*** Opening of DATA BELOW ***

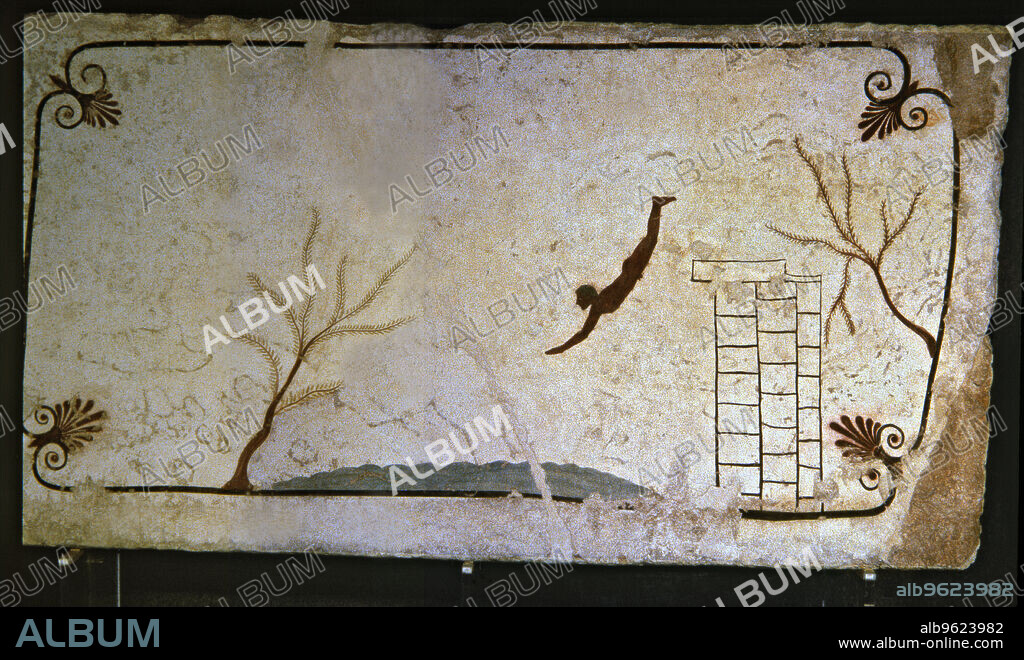 Painting showing a man jumping off a springboard at the Tomb of Jumper, Greek painting italic-influenced.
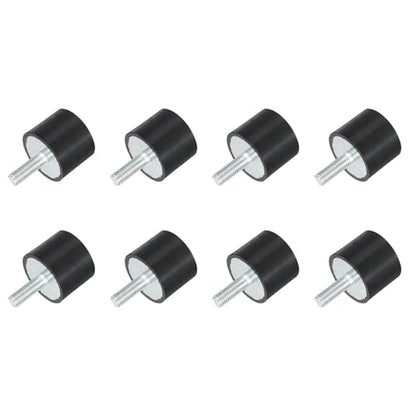 uxcell M6 Thread Rubber Mounts, Vibration Isolators, Cylindrical Shock Absorber with Studs 25 x 20mm 8pcs - size: M6x25x20mm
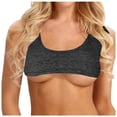 thumbnail image 2 of COMVALUE Sexy Short Sleeve Crop Top for Women Solid Scoop Neck Mini T-Shirts Vest Tank Dark Gray for Size L, 2 of 5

*** Close of DATA BELOW ***

Output the material above verbatim but exclude each picture.

 Painting showing a man jumping off a springboard at the Tomb of Jumper, Greek painting italic-influenced.
 uxcell M6 Thread Rubber Mounts, Vibration Isolators, Cylindrical Shock Absorber with Studs 25 x 20mm 8pcs - size: M6x25x20mm
 thumbnail image 2 of COMVALUE Sexy Short Sleeve Crop Top for Women Solid Scoop Neck Mini T-Shirts Vest Tank Dark Gray for Size L, 2 of 5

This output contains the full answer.